A team of international glaciologists has reported that the disintegration of key ice shelves in West Antarctica is occurring at a pace significantly faster than current climate models projected, raising fresh concerns about global sea-level rise in the coming decades. The findings, published in late 2024 and revisited in fresh field data this year, suggest that warm ocean currents are eating away at the underside of floating ice in ways that satellite observations alone have struggled to capture.

The research, led by scientists working with the British Antarctic Survey and collaborators at the University of California, focuses on the Thwaites Glacier — often nicknamed the “Doomsday Glacier” because its complete collapse could raise global sea levels by more than half a metre. Using a combination of autonomous underwater vehicles and high-resolution radar, the team documented unexpected fissures, melt channels, and structural weakening in regions previously thought to be relatively stable.

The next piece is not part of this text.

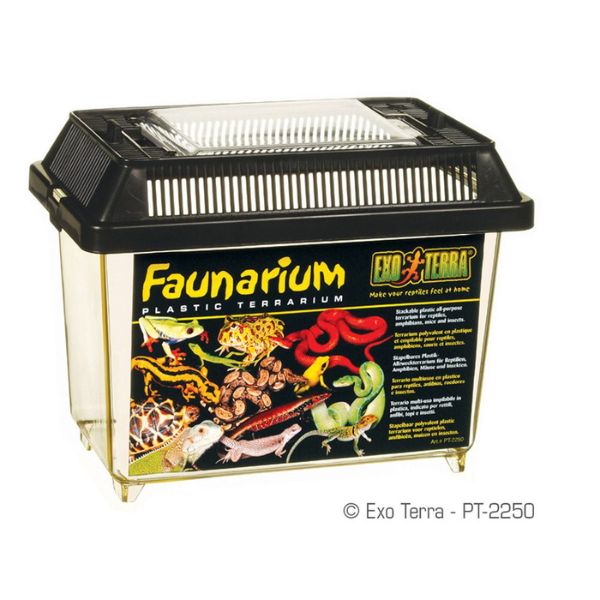 Exo Terra Faunarium Mini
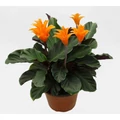 Sáfrányos zebralevél CALATHEA MEDALLION CS17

What the Researchers Found

According to the team’s analysis, warm Circumpolar Deep Water is intruding beneath the Thwaites Eastern Ice Shelf along pathways that were not previously mapped. These intrusions melt the ice from below, creating a feedback loop in which the shelf becomes thinner, more buoyant, and more prone to fracture. The researchers found terraced melt features carved into the ice’s underbelly — evidence that warm water is sculpting the shelf in ways that accelerate its disintegration. More on the work coordinated by the International Thwaites Glacier Collaboration illustrates how multidisciplinary teams have combined oceanography, glaciology, and seismic monitoring to reach these conclusions.

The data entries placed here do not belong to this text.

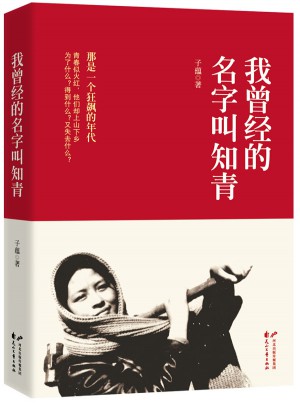 我曾經的名字叫知青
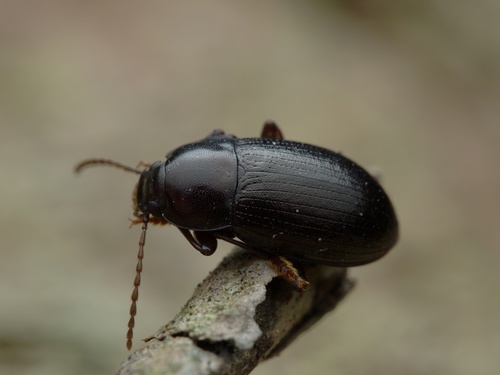Nalassus laevioctostriatus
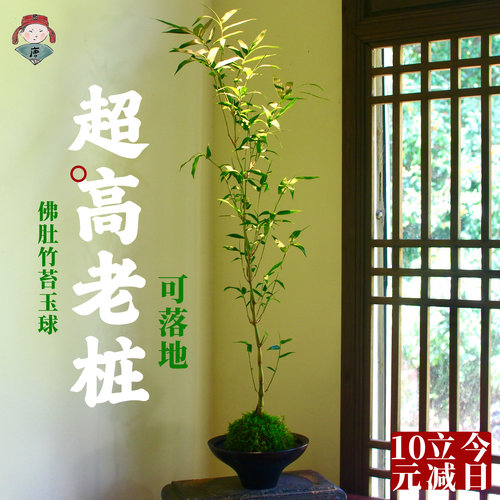佛肚竹苔藓球大老桩 苔玉球水培 盆栽盆景客厅落地绿植好养竹子
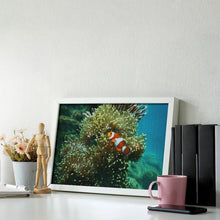 Lade das Bild in den Galerie-Viewer, Diamond Picture Clownfish Style 8"×12"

Dr. Britney Schmidt of Cornell University, one of the lead investigators on the Icefin underwater robot project, has previously described the under-ice environment as “a place we’ve never been able to see before,” noting that direct observation is upending earlier assumptions drawn from satellite imagery alone. Her team’s work, supported in part by the U.S. National Science Foundation, has revealed that even small temperature increases in the ocean can produce outsized melting in vulnerable cavities.

Why This Matters Globally

The implications extend far beyond Antarctica. The Intergovernmental Panel on Climate Change has long flagged ice-sheet dynamics as one of the largest sources of uncertainty in sea-level projections. If the new field data force a recalibration of models, coastal cities from Jakarta to Miami may need to update their adaptation timelines. The latest IPCC Sixth Assessment Report already noted that low-likelihood, high-impact ice-sheet collapse scenarios could push sea-level rise toward two metres by 2100 — a figure that, until recently, sat at the outer edge of credible projections.

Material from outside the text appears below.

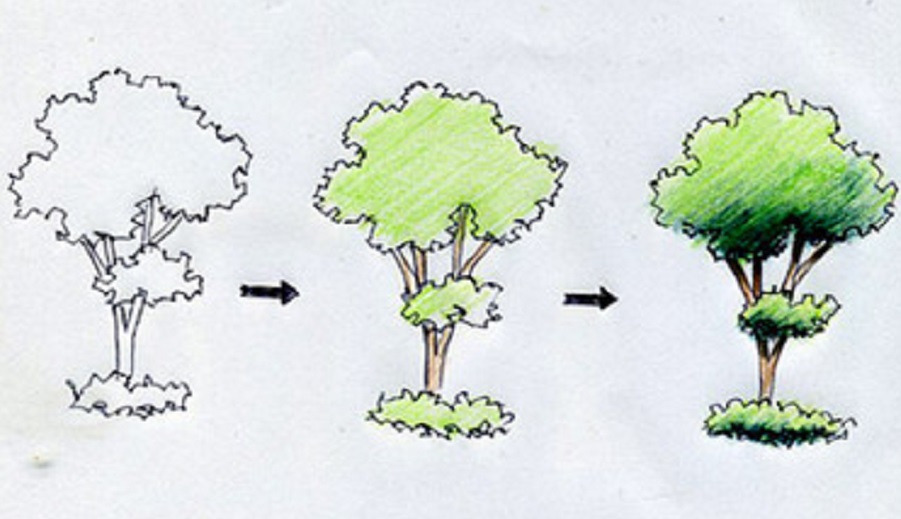 Дерево рисуем карандашом поэтапно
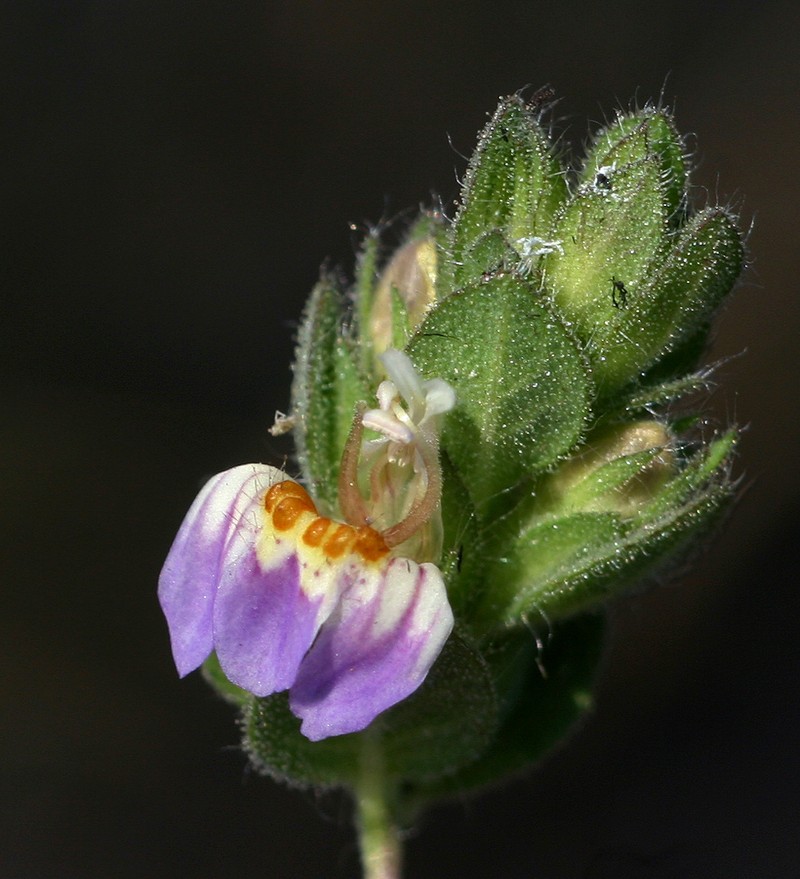 Hygrophila acinos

Insurance markets, port authorities, and national infrastructure planners are watching these results closely. Even an additional 10 to 20 centimetres of sea-level rise above current central estimates would dramatically increase the frequency of so-called “nuisance flooding” in U.S. East Coast cities, and could render parts of low-lying nations such as Bangladesh, Tuvalu, and the Maldives effectively uninhabitable within a single human lifetime.

The Political Dimension

The findings arrive amid a politically fraught moment for climate science funding. Cuts to polar research budgets in several Western countries, combined with logistical challenges of operating in Antarctica, have made sustained monitoring difficult. Researchers have publicly urged governments to maintain — and ideally expand — investment in Southern Ocean observation networks, arguing that the cost of uncertainty far exceeds the cost of additional fieldwork.

What to Watch Next

The next Antarctic field season is expected to deploy a new generation of long-duration autonomous vehicles capable of operating beneath the ice for months at a time. Scientists also anticipate updated projections from major modelling consortia within the next 12 to 18 months, which will integrate the new under-ice observations. If those updated models confirm the accelerated timeline, governments may face renewed pressure to revise both emissions targets and coastal-defence strategies. For now, the message from the ice is clear: the changes underway are happening faster, and in more complex ways, than the world has been preparing for.